I am proud to present the second Department of Energy Strategic Plan. Its publication coincides with the twentieth anniversary of the Department's creation in 1977. During the past two decades, the world has undergone many significant political, technical, and economic changes. Most recently, the government itself has embarked on a process of "reinvention" that emphasizes customer service, performance-based management, delivery of results, and accountability. These events have had major impacts on our critical mission areas and how we conduct our business operations.

With the end of the Cold War and the election of President Clinton, the Department of Energy set a new course which began with the publication of its first departmental strategic plan in April 1994. Entitled Fueling a Competitive Economy, it provided the framework and shared vision for meeting our responsibilities in energy. national security, environmental quality, and science and technology. The strategic plan was the guidepost for the formulation of the Department's FY 1996, FY 1997, and FY 1998 budgets and was critical to the development of the Department's Strategic Alignment Initiative, designed to save $1.7 billion over five years.

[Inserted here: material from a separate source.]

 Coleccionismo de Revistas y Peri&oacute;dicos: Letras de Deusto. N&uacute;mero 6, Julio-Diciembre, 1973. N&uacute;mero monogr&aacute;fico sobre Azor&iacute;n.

This current plan, which has been significantly improved through a very close consultation process with Congress and our customers and stakeholders, takes us to the next important performance level by being more directly linked to actions and results. It defines a strategic goal for each of the Department's four business lines and, in the spirit of the Government Performance and Results Act and the National Performance Review, identifies a fifth goal addressing corporate management. Reengineering our business practices, managing for results, being "open" with our neighbors and stakeholders, and ensuring the safety and health of our workers and the public are, and will continue to be, among the highest of our priorities. Over the coming years, we plan to achieve our strategic goals through specific identifiable strategies. Each business line has clear objectives and straightforward ways of defining whether we have succeeded in meeting those objectives.

I look forward to working with our Federal and contractor employees, other Federal, State, local, and Tribal governments, the Congress, and our customers and stakeholders to make this strategic plan a reality.